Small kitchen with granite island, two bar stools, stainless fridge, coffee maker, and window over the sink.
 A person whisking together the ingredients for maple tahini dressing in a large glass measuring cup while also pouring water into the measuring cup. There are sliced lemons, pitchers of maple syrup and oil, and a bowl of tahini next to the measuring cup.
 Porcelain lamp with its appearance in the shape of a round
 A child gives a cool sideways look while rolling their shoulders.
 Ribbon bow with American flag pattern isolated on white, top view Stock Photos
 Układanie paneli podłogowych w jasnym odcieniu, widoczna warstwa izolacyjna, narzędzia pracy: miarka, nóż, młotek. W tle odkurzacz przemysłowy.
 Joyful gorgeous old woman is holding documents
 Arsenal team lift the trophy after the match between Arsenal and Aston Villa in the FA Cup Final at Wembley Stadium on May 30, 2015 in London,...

┄┄┄┄┄┄┄┄┄┄

▸ Assignment
Pull out all lines from the entries above in which the word "while" appears.

▸ Answer box
 A person whisking together the ingredients for maple tahini dressing in a large glass measuring cup while also pouring water into the measuring cup. There are sliced lemons, pitchers of maple syrup and oil, and a bowl of tahini next to the measuring cup.
 A child gives a cool sideways look while rolling their shoulders.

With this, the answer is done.